■ Data shown
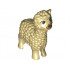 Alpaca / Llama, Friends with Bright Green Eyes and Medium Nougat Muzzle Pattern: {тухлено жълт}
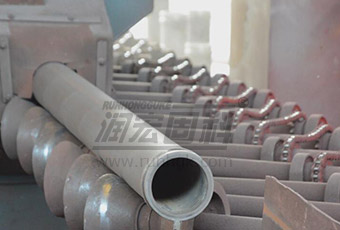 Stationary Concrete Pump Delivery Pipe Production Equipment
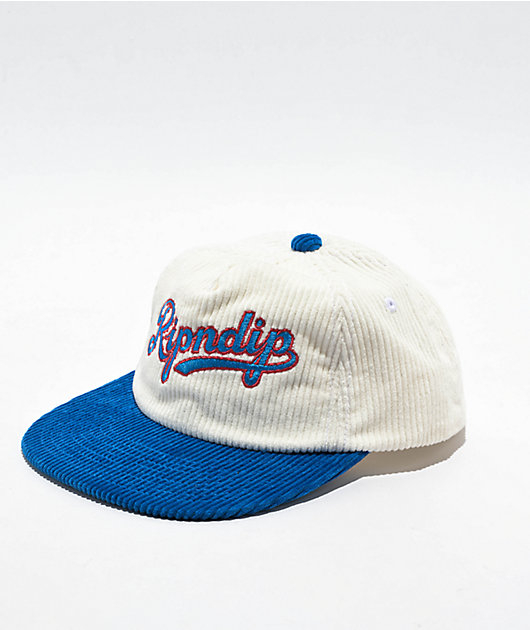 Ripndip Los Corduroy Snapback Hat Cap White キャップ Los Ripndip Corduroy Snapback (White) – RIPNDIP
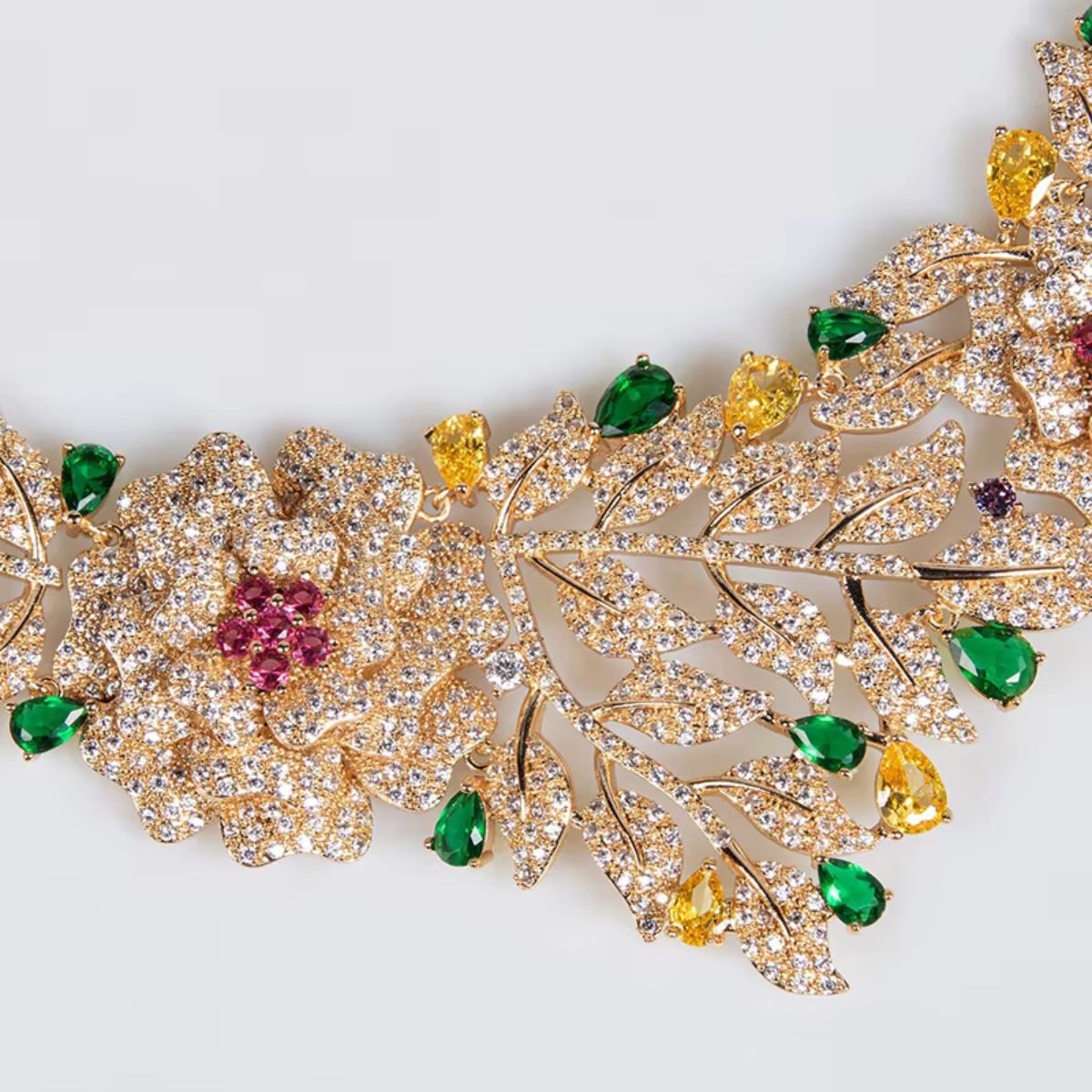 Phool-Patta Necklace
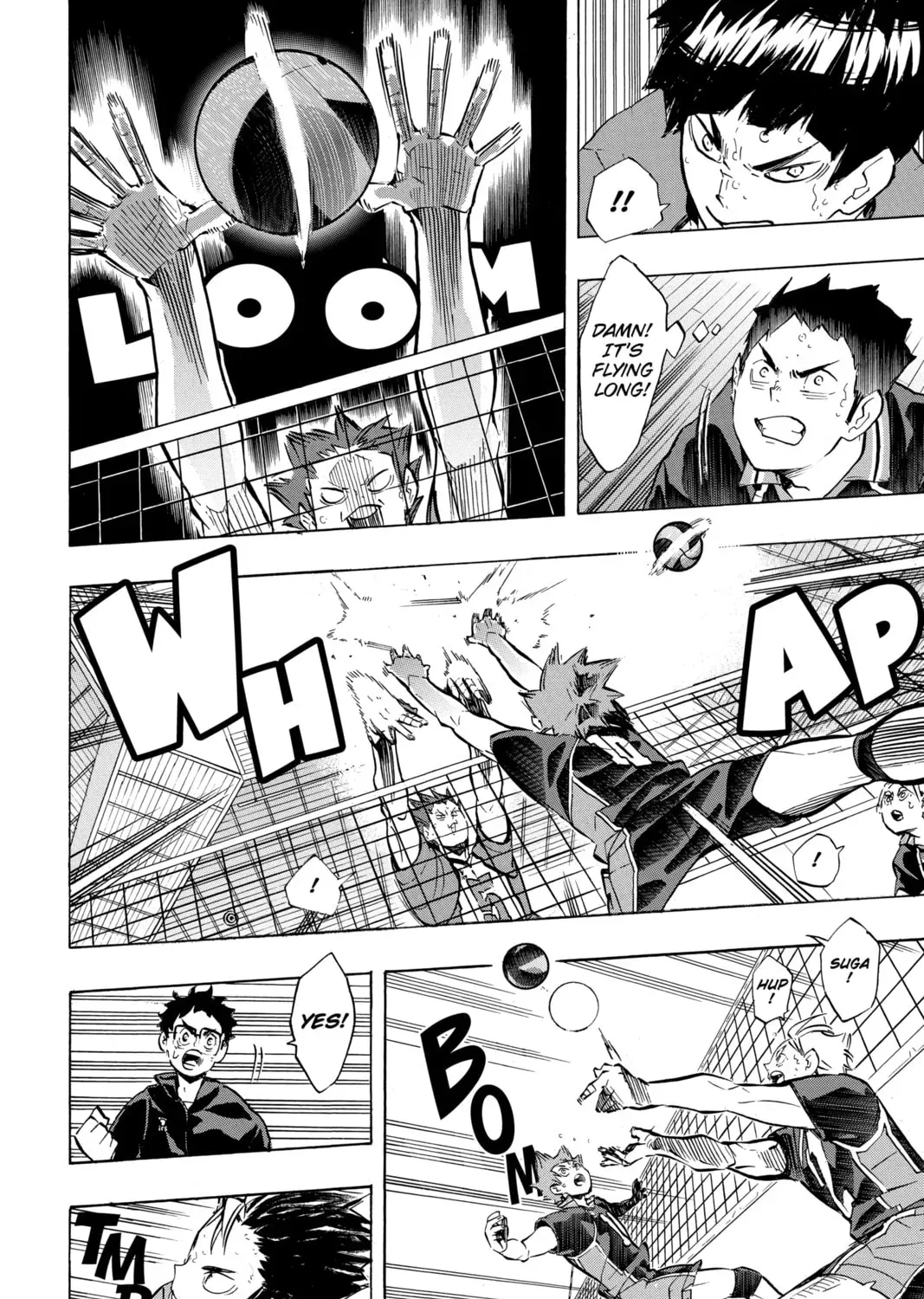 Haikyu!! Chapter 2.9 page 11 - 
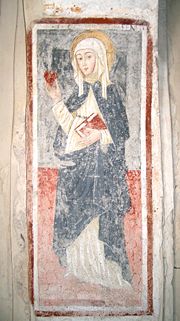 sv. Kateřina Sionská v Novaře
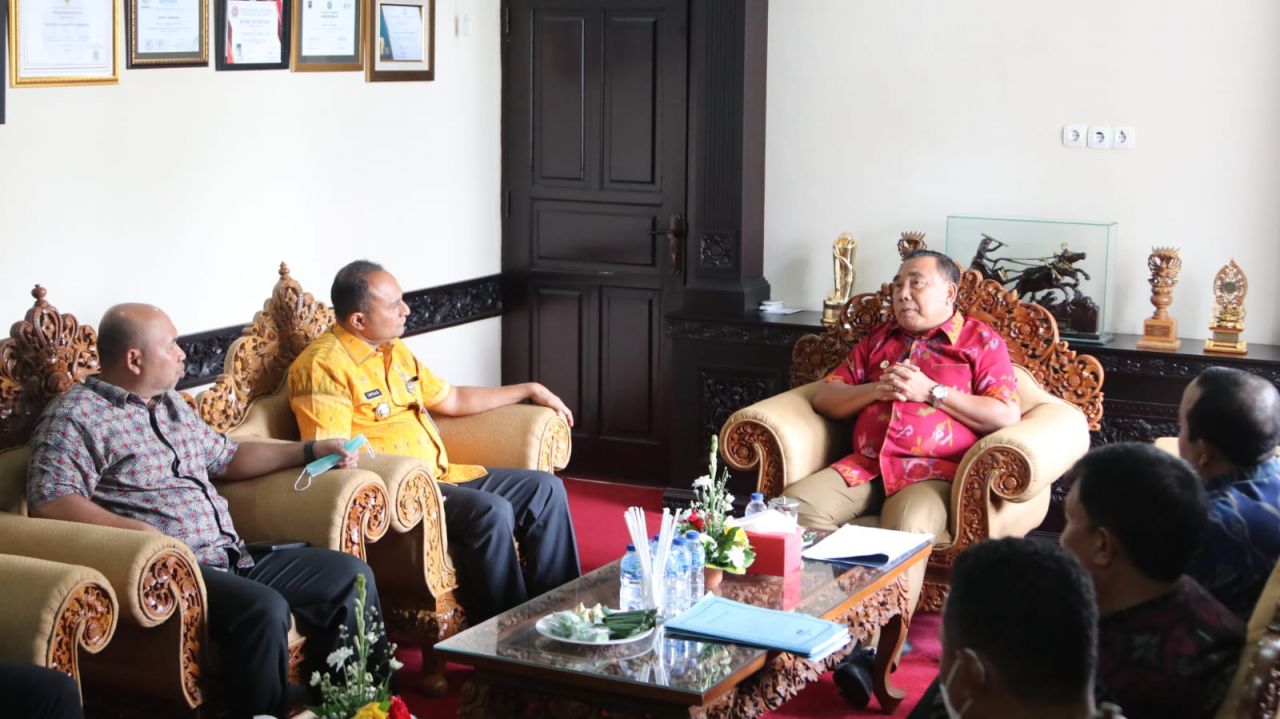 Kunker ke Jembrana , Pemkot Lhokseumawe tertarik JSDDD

■ Task to carry out
The listing above needs to be output again exactly. Don't include the pictures.

■ Exercise answer
 Alpaca / Llama, Friends with Bright Green Eyes and Medium Nougat Muzzle Pattern: {тухлено жълт}
 Stationary Concrete Pump Delivery Pipe Production Equipment
 Ripndip Los Corduroy Snapback Hat Cap White キャップ Los Ripndip Corduroy Snapback (White) – RIPNDIP
 Phool-Patta Necklace
 Haikyu!! Chapter 2.9 page 11 - 
 sv. Kateřina Sionská v Novaře
 Kunker ke Jembrana , Pemkot Lhokseumawe tertarik JSDDD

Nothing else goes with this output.